There was no improvement during the remainder of the pontificate of Honorius II. If anything, indeed, relations deteriorated. Diego complained to Aimeric about the pope's attitude, but got a reply almost as formal as the earlier letter. He believed that Honorius had sent a secret agent to spy on him. Though he enlisted the help of Alfonso VII in the matter of the legation, it was to no avail.(52) Honorius for his part put off Diego's requests by saying that he would send a legate a latere, but delayed doing so until 1129. In the letter that finally announced the coming of this legate -- Humbert, cardinal-priest of San Clemente -- the pope expressed his thanks for Diego's recent 'visit', through his envoys, to the papal curia; a heavily ironical allusion, we may suspect, to Diego's oath sworn many years earlier to visit the curia once every three years.(53) In all the five years and more of Honorius II's pontificate the only crumb of consolation that Diego got was the pope's summons of [216] archbishop Paio of Braga to answer for his wrongful consecration of the new bishop of Coimbra.(54)

Cardinal Humbert, whose legatine journey to Spain occupied the early months of 1130, was typical of the new generation of cardinals. He was a northern Italian, a native of either Pisa or Bologna; had been a regular canon at Pisa; was promoted to the college of cardinals by Honorius II in 1126; and was entrusted with responsibility for the first general legatine visitation of Spain since cardinal Deusdedit's in 1123, and which was also the first of the reign of Alfonso VII of León-Castile. A few years later he was advanced by Innocent II to the archbishopric of Pisa.(55) He was, in short, a very distinguished churchman. A fair amount of information about his legation of 1130 has survived, and we shall have to return to it later on. What matters for the present is that Diego seems to have made a good impression on him. Humbert spent a week in Compostela, doubtless to investigate the charges made against its archbishop before the pope and to carry out a narrow scrutiny of the ecclesiastical arrangements there. There is no indication that he was dissatisfied with what he found. The Historia implies -- but this is hardly surprising -- that Humbert was deferential towards Diego. Certainly the tone of the letter which he wrote to Diego in the following year was friendly.(56) Humbert's visit may have done something to ease the strained relations between Diego and the papal curia.
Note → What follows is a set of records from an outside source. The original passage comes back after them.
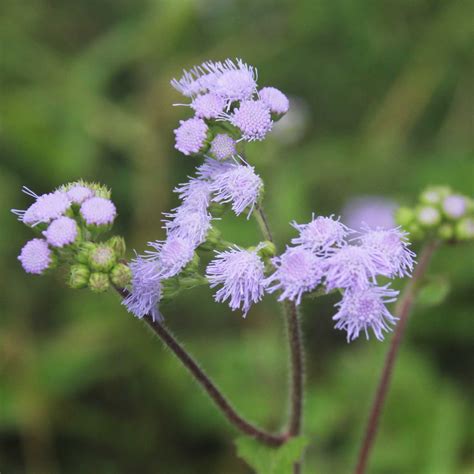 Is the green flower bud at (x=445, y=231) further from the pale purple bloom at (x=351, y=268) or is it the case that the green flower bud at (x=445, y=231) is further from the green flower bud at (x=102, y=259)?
the green flower bud at (x=102, y=259)

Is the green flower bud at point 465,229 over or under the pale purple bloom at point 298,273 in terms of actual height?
over

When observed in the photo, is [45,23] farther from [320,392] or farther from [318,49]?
[320,392]

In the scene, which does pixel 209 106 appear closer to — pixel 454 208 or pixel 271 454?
pixel 271 454

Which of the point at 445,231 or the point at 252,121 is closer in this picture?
the point at 252,121

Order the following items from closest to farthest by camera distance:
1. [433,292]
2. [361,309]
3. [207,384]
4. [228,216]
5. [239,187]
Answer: [361,309]
[239,187]
[207,384]
[433,292]
[228,216]

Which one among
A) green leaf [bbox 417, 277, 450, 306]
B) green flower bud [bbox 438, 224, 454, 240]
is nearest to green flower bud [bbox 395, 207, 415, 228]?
green flower bud [bbox 438, 224, 454, 240]

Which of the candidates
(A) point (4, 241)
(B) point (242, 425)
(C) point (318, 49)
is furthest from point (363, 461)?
(C) point (318, 49)

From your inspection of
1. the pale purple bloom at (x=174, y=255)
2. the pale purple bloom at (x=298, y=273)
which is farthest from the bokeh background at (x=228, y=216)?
the pale purple bloom at (x=174, y=255)

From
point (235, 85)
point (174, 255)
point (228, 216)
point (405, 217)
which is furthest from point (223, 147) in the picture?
point (228, 216) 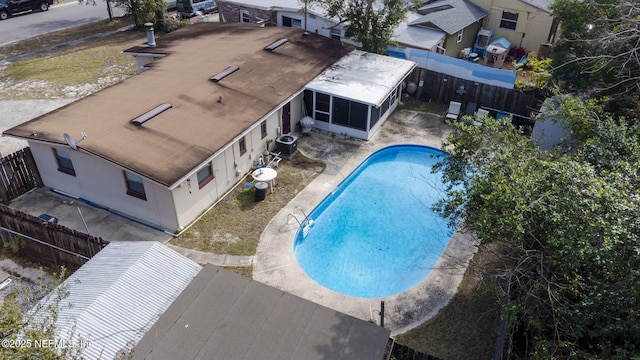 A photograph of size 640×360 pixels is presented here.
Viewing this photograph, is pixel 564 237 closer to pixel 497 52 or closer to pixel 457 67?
pixel 457 67

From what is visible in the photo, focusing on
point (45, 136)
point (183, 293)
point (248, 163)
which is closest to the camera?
point (183, 293)

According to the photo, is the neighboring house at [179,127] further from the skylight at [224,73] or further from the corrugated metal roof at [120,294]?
the corrugated metal roof at [120,294]

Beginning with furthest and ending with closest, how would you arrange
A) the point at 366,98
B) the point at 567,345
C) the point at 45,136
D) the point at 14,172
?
the point at 366,98 → the point at 14,172 → the point at 45,136 → the point at 567,345

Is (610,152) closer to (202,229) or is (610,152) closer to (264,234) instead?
(264,234)

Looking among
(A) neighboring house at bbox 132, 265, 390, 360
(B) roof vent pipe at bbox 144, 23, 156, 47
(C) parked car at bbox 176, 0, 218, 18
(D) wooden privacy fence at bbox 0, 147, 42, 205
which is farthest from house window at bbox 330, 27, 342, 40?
(A) neighboring house at bbox 132, 265, 390, 360

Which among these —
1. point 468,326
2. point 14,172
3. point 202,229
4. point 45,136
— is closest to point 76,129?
point 45,136

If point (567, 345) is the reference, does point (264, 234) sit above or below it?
below
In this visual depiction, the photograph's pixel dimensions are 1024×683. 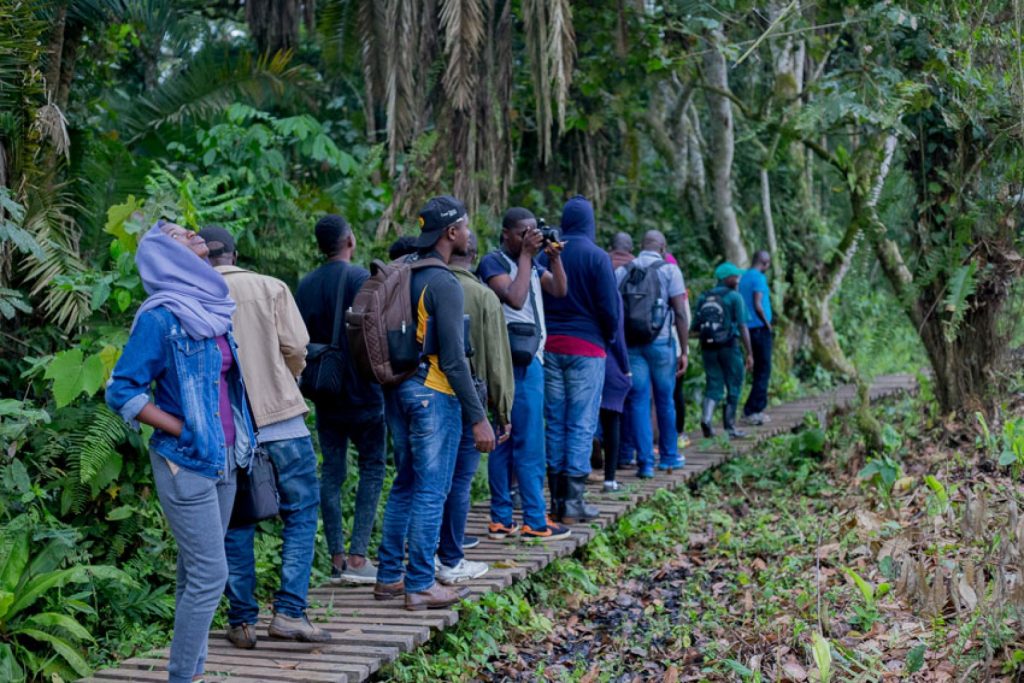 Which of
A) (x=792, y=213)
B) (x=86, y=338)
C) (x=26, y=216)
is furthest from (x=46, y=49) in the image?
(x=792, y=213)

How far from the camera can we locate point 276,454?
17.6 ft

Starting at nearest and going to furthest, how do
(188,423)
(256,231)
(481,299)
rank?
1. (188,423)
2. (481,299)
3. (256,231)

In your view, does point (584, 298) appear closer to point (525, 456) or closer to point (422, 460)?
point (525, 456)

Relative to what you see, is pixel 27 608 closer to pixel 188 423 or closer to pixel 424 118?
pixel 188 423

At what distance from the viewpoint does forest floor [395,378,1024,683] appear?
212 inches

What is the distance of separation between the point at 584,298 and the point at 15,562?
4.11m

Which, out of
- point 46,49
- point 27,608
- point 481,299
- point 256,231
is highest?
point 46,49

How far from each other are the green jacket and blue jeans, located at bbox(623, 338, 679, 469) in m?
3.48

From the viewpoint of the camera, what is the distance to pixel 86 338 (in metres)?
6.31

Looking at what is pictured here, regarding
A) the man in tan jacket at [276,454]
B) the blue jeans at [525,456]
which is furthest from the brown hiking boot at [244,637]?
the blue jeans at [525,456]

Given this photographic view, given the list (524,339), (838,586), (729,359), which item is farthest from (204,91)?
(838,586)

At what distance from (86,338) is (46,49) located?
181 centimetres

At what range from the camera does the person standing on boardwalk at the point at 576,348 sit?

But another series of events did far more to this end; events which were quite beyond Diego's or Humbert's control.

Only a few days after the council of Carrión which was the high point of Humbert's visit (4-7 February 1130), pope Honorius died (13 February). The process of choosing his successor brought to the surface the divisive issues which had been simmering within the curia for the last seven years or so. Two rival popes were elected by different factions within the curia, Anacletus II and Innocent II. This schism in the [217] papacy was to last for the next eight years. The more one looks at the papal schism of 1130-8 the harder it is to persuade oneself -- or allow oneself to be persuaded by the frothy rhetoric of St. Bernard -- that any very profound issues of principle were at stake. The most acute of modern investigators, Klewitz, brilliantly highlighted the fact that it was first and foremost a conflict between different generations.(57) The Anacletans were generally the older among the cardinals, the Innocentians the younger men who had come to the fore under Calixtus II and Honorius II. The two groups held, as different generations tend to do, subtly different ideals. The older men had grown up in the heroic days of struggle with the Salian emperors: that conflict had ended in 1122, it was no time to stir up further strife. But the younger men saw the settlement of 1122 only as a prelude to what they interpreted as the true task of church reform adumbrated by the great forerunners of the previous century such as Peter Damian, Humbert of Silva Candida, and Gregory VII: the transformation first of the clergy and then, through them, of lay society as a whole. The Anacletans stood for old-fashioned Benedictine monachism. The Innocentians championed a far stricter monasticism such as the Cistercian or Carthusian, but were also keen supporters of new orders which were active within the secular church such as the Augustinians and Premonstratensians.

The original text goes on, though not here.